We are looking into enabling Sql Server Change Data Capture for a new subsystem we are building.
It’s not really because we need it, but we are being pushed for having a complete history traceability, and CDC would nicely solve this requirement with minimum effort on our parts.
We are following an agile development process, which in this case means that we frequently make changes to the database schema, e.g. adding new columns, moving data to other columns, etc.
We did a small test where we created a table, enabled CDC for that table, and then added a new column to the table. Changes to the new column is not registered in the CDC table.
Is there a mechanism to update the CDC table to the new schema, and are there any best practices to how you deal with captured data when migrating the database schema?
2
We have also recently started looking at CDC. I’m not an expert on the subject, but I think I have some answers for your questions.

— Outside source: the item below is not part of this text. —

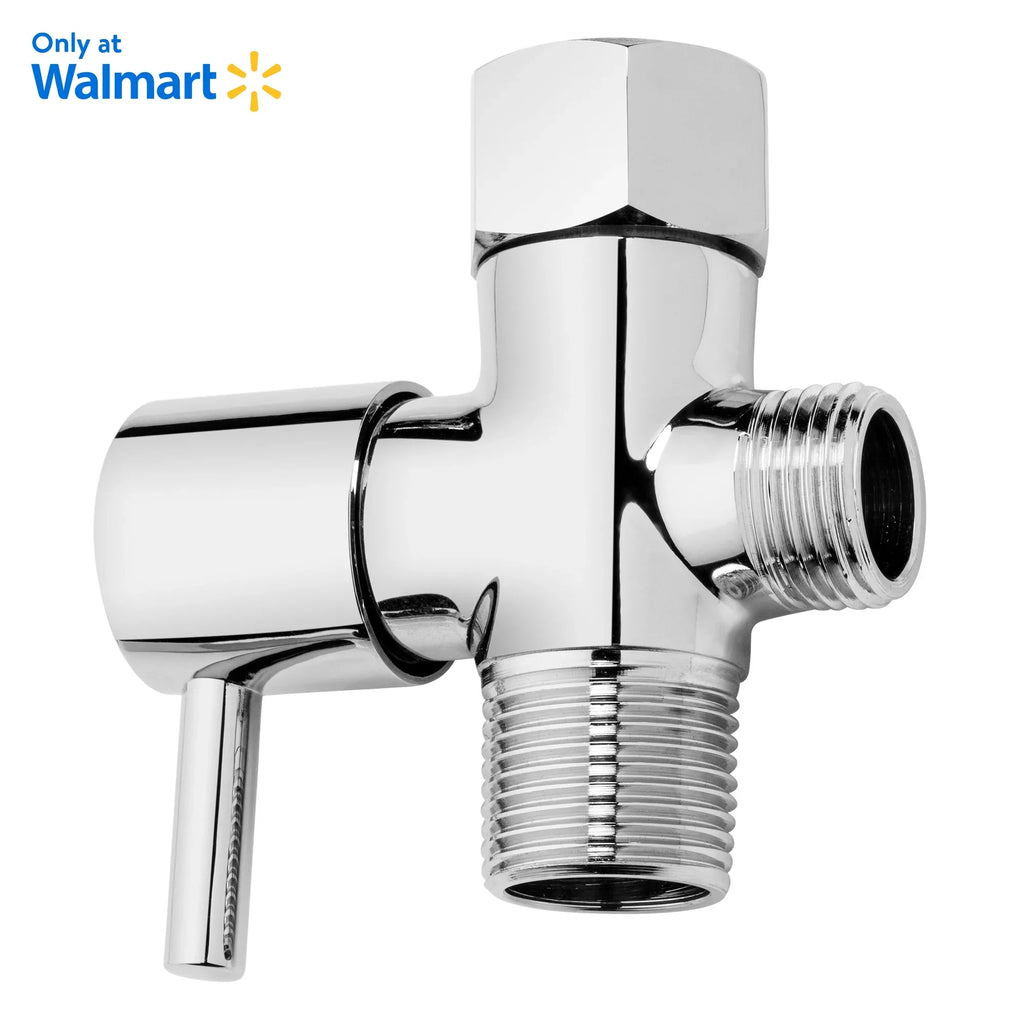 in Bidet Chrome Rinslet Brondell Hand-Held Finish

For the most part, CDC will help you achieve your goal of a completely traceable history, but I don’t think it will get you all of the way there.
First off:
we frequently make changes to the database schema … Is there a mechanism to update the CDC table to the new schema
And this is where I think CDC will fail you. The MSDN documentation under the section “Understanding Change Tracking Overhead” is pretty clear that it won’t track the schema changes for you. For example, with Alter Table Add Column
:
If a new column is added to the change tracked table, the addition of the column is not tracked. Only the updates and changes that are made to the new column are tracked.
Drop Column
is a little bit more complex.
However, you should be using DB scripts to alter your schema so you don’t necessarily have to rely upon CDC here. That allows you to have consistency between your QA and Production schemas. And change to QA should be performed by script so the exact same changes can be applied to Prod. It shouldn’t be too hard to extract out the schema changes from those scripts. This may mean that the “time” dimension of your history be driven by version instead of actual time, but the end result will be the same.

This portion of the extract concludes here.